- Opening Delimiter -

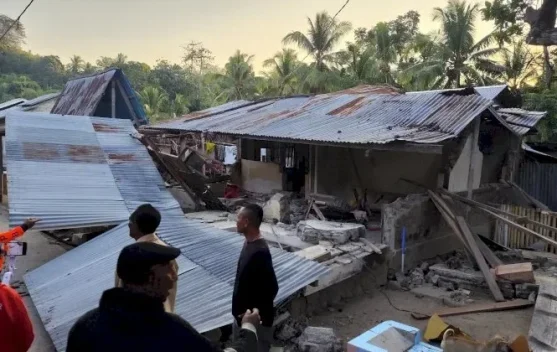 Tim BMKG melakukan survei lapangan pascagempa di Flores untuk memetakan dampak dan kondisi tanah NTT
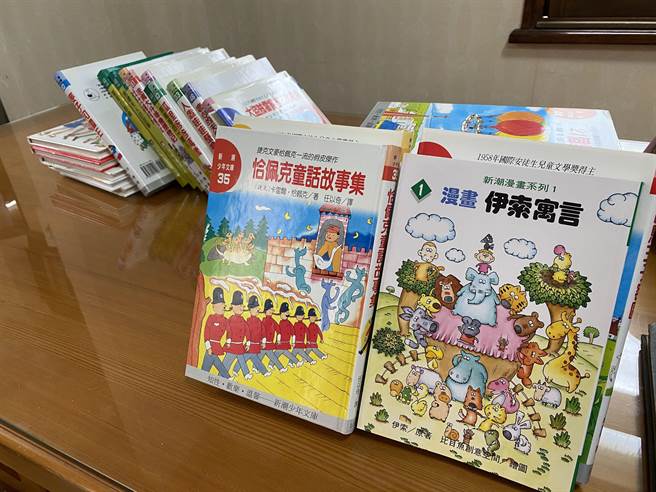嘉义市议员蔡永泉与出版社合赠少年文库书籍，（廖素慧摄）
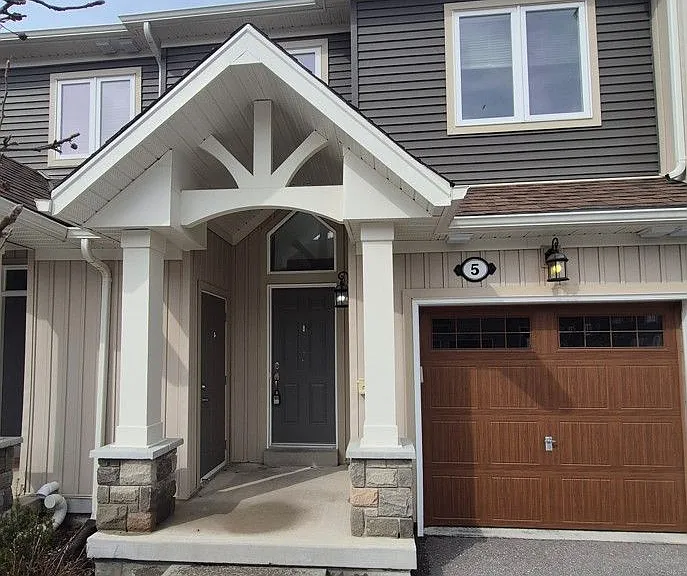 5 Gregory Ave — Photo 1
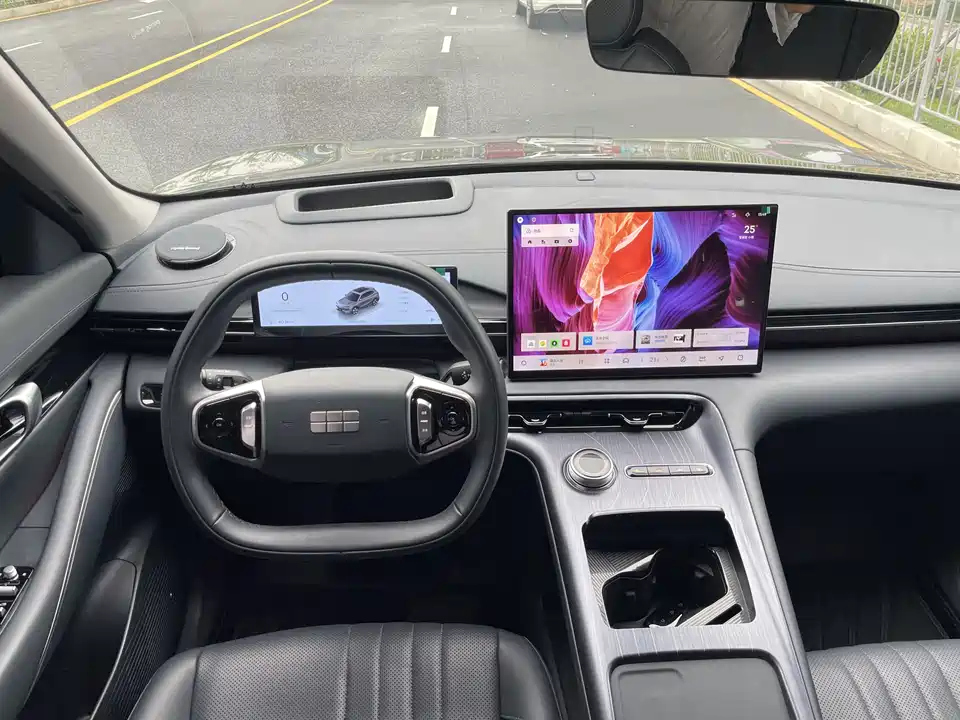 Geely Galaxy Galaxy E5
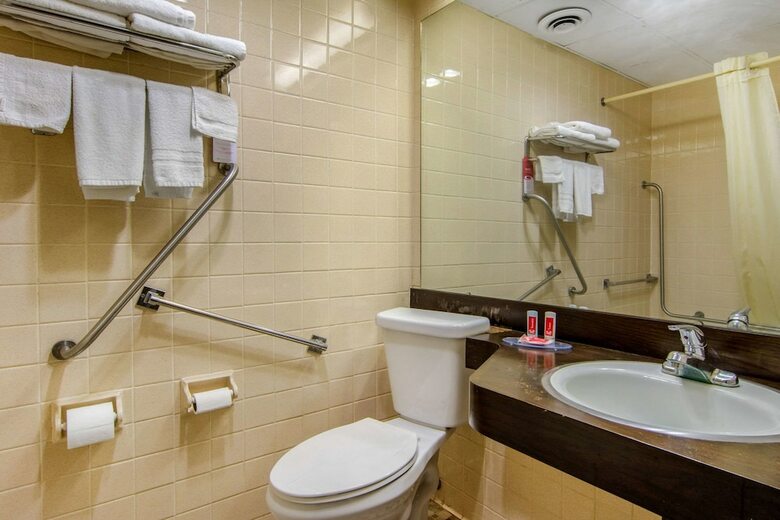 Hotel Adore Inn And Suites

- Closing Delimiter -

• **Exercise**
What is needed is a word-for-word copy of the data, minus its pictures.

• **Exercise answer**
 Tim BMKG melakukan survei lapangan pascagempa di Flores untuk memetakan dampak dan kondisi tanah NTT
嘉义市议员蔡永泉与出版社合赠少年文库书籍，（廖素慧摄）
 5 Gregory Ave — Photo 1
 Geely Galaxy Galaxy E5
 Hotel Adore Inn And Suites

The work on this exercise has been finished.